■ TRY IT
Given the material below, return only the lines starting at the line with "МФУ HP Color LaserJet Pro 4303fdw 5HH67A" and ending at the line with "Reebok - Штани", exactly as they appear.

■ AVAILABLE DATA

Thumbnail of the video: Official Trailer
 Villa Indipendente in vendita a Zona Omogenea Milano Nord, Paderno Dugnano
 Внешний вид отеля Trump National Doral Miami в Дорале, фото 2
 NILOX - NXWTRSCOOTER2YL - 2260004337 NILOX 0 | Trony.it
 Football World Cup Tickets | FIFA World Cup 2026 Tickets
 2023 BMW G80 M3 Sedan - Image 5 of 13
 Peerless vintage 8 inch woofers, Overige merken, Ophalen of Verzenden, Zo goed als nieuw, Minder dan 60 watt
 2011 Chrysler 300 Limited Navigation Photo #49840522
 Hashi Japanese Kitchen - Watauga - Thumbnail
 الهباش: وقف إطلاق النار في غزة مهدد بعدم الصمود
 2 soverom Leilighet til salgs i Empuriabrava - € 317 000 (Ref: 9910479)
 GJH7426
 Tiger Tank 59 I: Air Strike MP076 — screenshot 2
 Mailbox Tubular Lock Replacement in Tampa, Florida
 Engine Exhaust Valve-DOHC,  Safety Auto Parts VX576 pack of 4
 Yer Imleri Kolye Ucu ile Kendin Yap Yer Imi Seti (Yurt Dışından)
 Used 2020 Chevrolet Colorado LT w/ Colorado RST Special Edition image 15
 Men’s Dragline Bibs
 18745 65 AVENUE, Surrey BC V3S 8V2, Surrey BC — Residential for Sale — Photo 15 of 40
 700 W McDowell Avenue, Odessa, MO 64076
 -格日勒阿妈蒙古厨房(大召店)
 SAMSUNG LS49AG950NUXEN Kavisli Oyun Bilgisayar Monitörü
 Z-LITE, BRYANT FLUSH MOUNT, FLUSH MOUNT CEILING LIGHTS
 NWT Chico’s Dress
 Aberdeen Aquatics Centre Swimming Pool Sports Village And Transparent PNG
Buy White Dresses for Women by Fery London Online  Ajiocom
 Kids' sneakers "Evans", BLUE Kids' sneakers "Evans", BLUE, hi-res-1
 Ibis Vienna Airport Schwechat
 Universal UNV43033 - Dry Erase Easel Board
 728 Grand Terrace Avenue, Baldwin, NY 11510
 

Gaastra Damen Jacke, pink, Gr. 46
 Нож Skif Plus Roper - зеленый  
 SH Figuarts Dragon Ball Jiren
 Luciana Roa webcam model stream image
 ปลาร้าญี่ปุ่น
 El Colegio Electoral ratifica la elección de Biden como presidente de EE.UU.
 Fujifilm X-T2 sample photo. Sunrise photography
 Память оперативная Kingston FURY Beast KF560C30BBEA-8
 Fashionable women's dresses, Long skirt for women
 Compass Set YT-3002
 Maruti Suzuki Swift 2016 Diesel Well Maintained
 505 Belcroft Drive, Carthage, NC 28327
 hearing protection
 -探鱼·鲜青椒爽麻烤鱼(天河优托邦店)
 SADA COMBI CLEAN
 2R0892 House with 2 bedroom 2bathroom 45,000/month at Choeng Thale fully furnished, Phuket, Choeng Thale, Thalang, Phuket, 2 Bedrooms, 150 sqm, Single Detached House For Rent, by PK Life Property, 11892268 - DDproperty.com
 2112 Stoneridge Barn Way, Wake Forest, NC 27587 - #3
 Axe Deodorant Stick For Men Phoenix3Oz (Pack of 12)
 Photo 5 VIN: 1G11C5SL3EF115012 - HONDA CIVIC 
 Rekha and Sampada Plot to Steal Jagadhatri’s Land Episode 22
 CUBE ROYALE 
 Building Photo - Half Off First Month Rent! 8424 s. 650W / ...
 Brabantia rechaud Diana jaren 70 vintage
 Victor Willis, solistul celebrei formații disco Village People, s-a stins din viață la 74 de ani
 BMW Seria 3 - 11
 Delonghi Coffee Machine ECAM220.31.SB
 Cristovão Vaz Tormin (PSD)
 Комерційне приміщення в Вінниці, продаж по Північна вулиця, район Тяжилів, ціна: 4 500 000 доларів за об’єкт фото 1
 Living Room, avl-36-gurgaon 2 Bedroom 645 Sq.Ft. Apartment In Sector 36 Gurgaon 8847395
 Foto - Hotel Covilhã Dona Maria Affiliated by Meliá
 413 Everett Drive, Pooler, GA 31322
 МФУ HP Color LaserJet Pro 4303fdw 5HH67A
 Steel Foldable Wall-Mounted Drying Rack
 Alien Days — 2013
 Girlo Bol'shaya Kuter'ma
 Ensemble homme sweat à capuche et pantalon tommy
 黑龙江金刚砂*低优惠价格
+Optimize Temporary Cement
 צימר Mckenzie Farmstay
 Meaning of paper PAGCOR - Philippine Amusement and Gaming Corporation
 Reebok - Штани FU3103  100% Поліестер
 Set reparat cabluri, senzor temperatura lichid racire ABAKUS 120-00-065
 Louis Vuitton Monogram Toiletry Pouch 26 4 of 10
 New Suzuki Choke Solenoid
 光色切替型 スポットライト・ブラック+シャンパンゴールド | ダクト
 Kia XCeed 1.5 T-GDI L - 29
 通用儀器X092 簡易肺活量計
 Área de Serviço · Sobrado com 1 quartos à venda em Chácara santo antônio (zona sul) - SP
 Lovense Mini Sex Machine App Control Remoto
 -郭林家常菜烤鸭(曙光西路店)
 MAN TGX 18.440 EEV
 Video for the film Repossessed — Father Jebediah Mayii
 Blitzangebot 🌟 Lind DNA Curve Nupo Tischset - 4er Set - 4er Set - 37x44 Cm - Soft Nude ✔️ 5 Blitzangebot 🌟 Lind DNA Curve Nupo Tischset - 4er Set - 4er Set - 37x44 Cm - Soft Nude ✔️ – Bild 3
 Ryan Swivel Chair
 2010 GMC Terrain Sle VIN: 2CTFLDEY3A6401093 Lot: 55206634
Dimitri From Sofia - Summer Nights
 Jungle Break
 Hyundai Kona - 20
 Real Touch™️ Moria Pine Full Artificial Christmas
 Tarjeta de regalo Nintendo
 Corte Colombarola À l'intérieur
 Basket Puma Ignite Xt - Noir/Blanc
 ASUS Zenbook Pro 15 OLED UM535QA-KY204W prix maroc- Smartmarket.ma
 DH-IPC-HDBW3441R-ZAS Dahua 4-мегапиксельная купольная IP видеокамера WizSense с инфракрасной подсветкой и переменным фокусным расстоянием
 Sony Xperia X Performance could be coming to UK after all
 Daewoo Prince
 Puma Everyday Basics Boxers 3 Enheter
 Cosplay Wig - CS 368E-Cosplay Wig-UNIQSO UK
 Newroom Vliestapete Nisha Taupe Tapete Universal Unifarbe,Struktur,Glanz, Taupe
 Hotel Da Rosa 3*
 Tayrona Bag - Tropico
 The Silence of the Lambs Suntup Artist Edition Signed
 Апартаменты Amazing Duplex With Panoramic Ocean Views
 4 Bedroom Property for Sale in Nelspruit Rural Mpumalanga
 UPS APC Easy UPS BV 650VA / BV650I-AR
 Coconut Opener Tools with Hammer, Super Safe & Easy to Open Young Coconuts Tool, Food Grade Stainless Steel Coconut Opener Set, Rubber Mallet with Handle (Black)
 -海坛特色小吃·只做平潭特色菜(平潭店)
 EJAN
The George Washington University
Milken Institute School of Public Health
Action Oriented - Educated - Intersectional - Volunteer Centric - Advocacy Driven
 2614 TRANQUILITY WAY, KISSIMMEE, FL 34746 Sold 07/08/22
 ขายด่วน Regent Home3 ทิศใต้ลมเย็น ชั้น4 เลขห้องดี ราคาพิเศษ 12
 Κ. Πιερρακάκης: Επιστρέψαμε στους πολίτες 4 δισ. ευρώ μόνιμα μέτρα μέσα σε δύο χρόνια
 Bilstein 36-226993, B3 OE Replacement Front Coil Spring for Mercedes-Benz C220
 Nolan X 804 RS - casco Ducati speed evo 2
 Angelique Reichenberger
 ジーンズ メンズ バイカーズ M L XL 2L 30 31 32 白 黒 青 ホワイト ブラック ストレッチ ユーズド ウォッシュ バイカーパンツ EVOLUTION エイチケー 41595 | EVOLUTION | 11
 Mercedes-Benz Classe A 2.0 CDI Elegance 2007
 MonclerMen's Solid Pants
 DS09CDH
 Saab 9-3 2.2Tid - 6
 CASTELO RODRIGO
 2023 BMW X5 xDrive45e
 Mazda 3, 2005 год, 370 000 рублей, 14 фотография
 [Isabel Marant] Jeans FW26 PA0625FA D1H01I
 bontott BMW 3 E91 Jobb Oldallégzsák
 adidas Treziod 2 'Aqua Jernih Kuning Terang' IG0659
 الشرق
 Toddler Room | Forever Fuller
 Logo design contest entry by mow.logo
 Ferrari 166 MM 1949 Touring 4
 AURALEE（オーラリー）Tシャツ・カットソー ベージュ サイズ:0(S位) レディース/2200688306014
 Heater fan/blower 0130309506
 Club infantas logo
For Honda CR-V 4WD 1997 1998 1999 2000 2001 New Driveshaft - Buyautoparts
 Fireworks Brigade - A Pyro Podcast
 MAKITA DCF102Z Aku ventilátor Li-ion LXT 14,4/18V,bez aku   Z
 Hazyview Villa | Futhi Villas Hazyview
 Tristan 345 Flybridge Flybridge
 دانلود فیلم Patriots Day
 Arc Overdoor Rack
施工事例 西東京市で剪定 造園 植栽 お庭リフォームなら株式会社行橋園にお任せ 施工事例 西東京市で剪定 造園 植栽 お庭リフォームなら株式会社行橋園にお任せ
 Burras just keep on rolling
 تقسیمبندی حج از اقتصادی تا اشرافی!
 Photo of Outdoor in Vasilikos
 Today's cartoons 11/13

■ RESPONSE TO THIS EXERCISE
 МФУ HP Color LaserJet Pro 4303fdw 5HH67A
 Steel Foldable Wall-Mounted Drying Rack
 Alien Days — 2013
 Girlo Bol'shaya Kuter'ma
 Ensemble homme sweat à capuche et pantalon tommy
 黑龙江金刚砂*低优惠价格
+Optimize Temporary Cement
 צימר Mckenzie Farmstay
 Meaning of paper PAGCOR - Philippine Amusement and Gaming Corporation
 Reebok - Штани FU3103  100% Поліестер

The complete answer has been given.